Sungai yang tampak lebar, airnya coklat dan dalamnya sebatas leher pak Paul itupun berhasil ditahklukan. Mereka sekeluarga berhasil menyeberangi sungai . Pak Paul mengucapkan banyak terimakasih atas bantuan yang diberikan. Mereka terlihat bersalam-salaman dan mengucapakan pesan tentunya, yang beleum dimengerti oleh Tami.
Para penduduk yang mengantar Pak Paul itupun kembali dengan menyeberangi sungai itu lagi. Sambil melihat dari kejauhan mereka sekeluarga pergi meninggalkan daerah itu.
Pak Paul melanjutkan perlanannya, Tami digendong ayahnya, terkadang bergantian digendong ibunya. Ibu lebih cepat lelah saat menggendong Tami, karena ibu dalam keadaan hamil. Jadi Tami lebih banyak digendong oleh ayahnya.
Kakak Tami berjalan mengikuti langkah ayah dan ibu, sesekali ayah menoleh ke belakang melihat ibu, dan kedua kakak Tami. Jalan yang dilalui adalah jalan setapak, kiri kanan jalan masih hutan belantara.

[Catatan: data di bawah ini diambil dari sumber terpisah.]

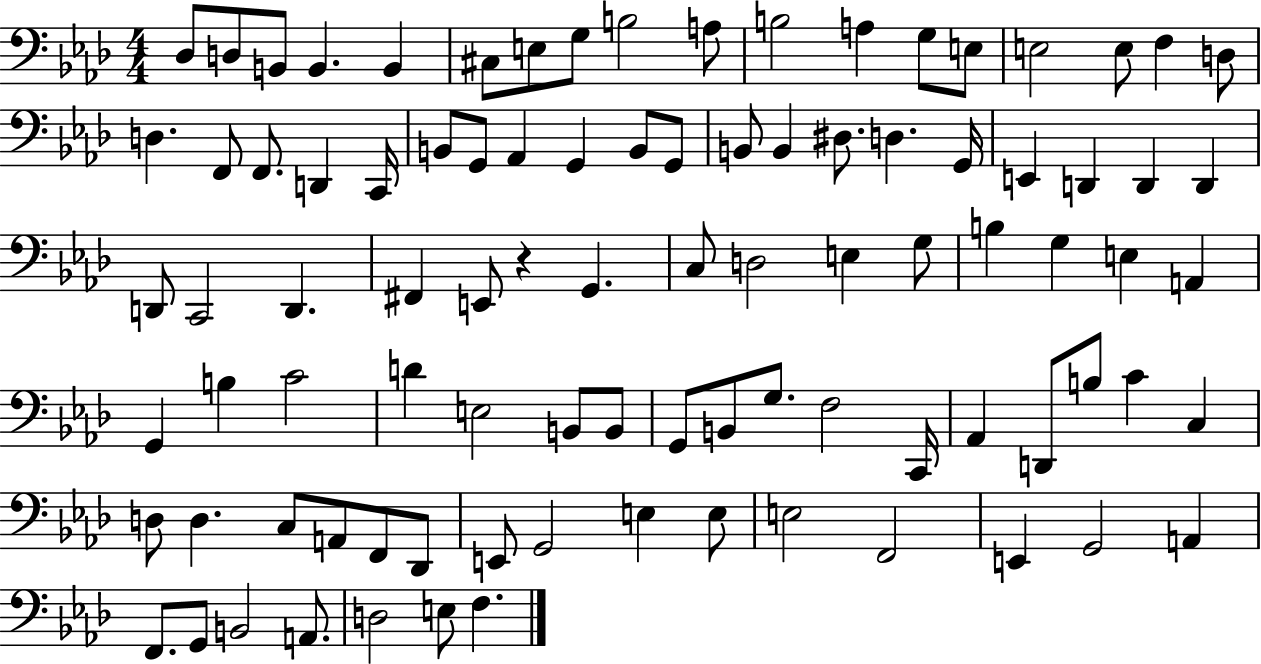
{
  \clef bass
  \numericTimeSignature
  \time 4/4
  \key aes \major
  des8 d8 b,8 b,4. b,4 | cis8 e8 g8 b2 a8 | b2 a4 g8 e8 | e2 e8 f4 d8 | \break d4. f,8 f,8. d,4 c,16 | b,8 g,8 aes,4 g,4 b,8 g,8 | b,8 b,4 dis8. d4. g,16 | e,4 d,4 d,4 d,4 | \break d,8 c,2 d,4. | fis,4 e,8 r4 g,4. | c8 d2 e4 g8 | b4 g4 e4 a,4 | \break g,4 b4 c'2 | d'4 e2 b,8 b,8 | g,8 b,8 g8. f2 c,16 | aes,4 d,8 b8 c'4 c4 | \break d8 d4. c8 a,8 f,8 des,8 | e,8 g,2 e4 e8 | e2 f,2 | e,4 g,2 a,4 | \break f,8. g,8 b,2 a,8. | d2 e8 f4. | \bar "|."
}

Ada rasa takut yang mendera hati ibu, Ibu sempat berpikir, bagaimana kalau ada binatang buas? Hal itu pun sempat disampaikan kepada pak Paul suaminya. Namun suaminya selalu menguatkan hatinya.” Tidak usah takut, ayo tetap berjalan, toh ada yang melindungi kita,” kata ayah.
Menjelang sore hari, perjalanan mereka masih di sekitar hutan, belum juga terlihat perkampungan. Ibu mengajak beristirahat.Maka merekapun berisirahat dan mambuka bekal yang dibawa.

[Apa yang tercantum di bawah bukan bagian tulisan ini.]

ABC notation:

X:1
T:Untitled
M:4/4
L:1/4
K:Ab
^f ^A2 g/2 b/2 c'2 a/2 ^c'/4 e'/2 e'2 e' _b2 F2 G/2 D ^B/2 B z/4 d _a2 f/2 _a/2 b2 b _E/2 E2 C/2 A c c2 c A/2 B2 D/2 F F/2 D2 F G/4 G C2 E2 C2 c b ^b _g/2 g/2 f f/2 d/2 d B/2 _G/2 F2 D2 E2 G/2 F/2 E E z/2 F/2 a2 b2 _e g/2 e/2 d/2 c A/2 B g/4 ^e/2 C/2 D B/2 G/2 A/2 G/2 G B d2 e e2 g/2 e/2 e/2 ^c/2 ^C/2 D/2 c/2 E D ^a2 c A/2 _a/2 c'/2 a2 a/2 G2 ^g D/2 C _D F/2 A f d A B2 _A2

Air dalam ceret yang dibawa mas Mulyo tadi tinggal setengah, karena selama di perjalanan telah diminum beberapa kali. Tapi masih cukup untuk mereka sekeluarga.

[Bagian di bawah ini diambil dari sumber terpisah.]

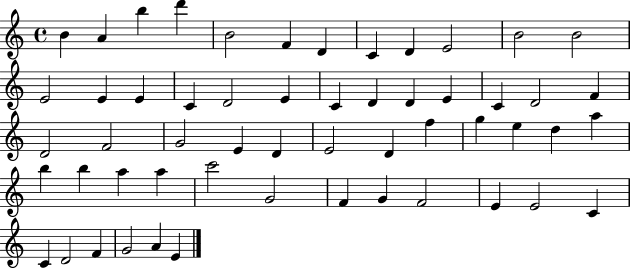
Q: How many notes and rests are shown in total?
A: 55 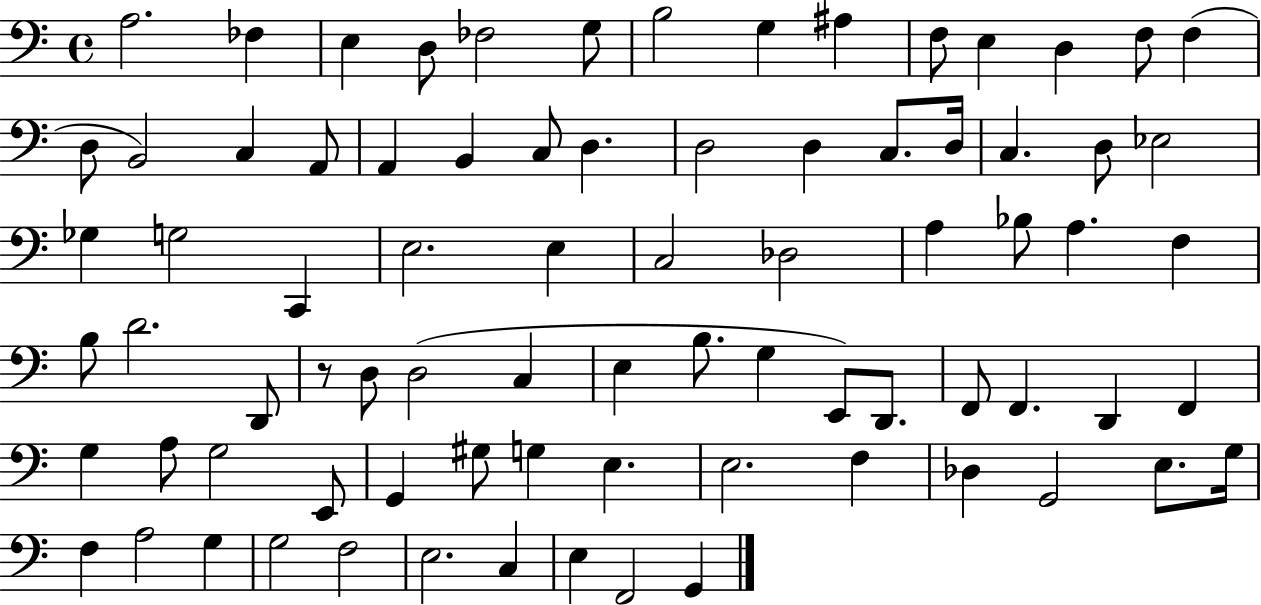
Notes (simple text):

A3/h. FES3/q E3/q D3/e FES3/h G3/e B3/h G3/q A#3/q F3/e E3/q D3/q F3/e F3/q D3/e B2/h C3/q A2/e A2/q B2/q C3/e D3/q. D3/h D3/q C3/e. D3/s C3/q. D3/e Eb3/h Gb3/q G3/h C2/q E3/h. E3/q C3/h Db3/h A3/q Bb3/e A3/q. F3/q B3/e D4/h. D2/e R/e D3/e D3/h C3/q E3/q B3/e. G3/q E2/e D2/e. F2/e F2/q. D2/q F2/q G3/q A3/e G3/h E2/e G2/q G#3/e G3/q E3/q. E3/h. F3/q Db3/q G2/h E3/e. G3/s F3/q A3/h G3/q G3/h F3/h E3/h. C3/q E3/q F2/h G2/q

Karena sangat lapar, mereka makan dengan lahapnya.Tak terasa hari hampir gelap, mereka melanjutkan perjalanan. Tak lupa Pak Paul berdoa agar selamat dalam perjalanan, apalagi hari mulai gelap.
Perjalanan dilanjutkkan, masih menyusuri jalan yang lebar, namun masih tanah dan berumput. Dikiri-kanan masih terdapat lubang. Ada lubang yang besar ada juga yang kecil. Puji Tuhan menjelang maggrip sampailah keluarga pak Paul di perkampungan. Namun tak tahu kampung apa namanya. Terlihat oleh mereka satu rumah yang ada terasnya.
Keluarga itu menuju rumah tersebut, dan Pak Paul mohon izin untuk istirahat di teras itu. Setelah disilahkan oleh yang punya rumah merekapun masuk ke teras. Begitu masuk teras, bressss…… turun hujan dengan lebatnya,
Terlihat pak Paul komat kamit memanjatkan doa dan bersyukur kepada Tuhan yang telah melindungi perjalanan keluarganya hari itu.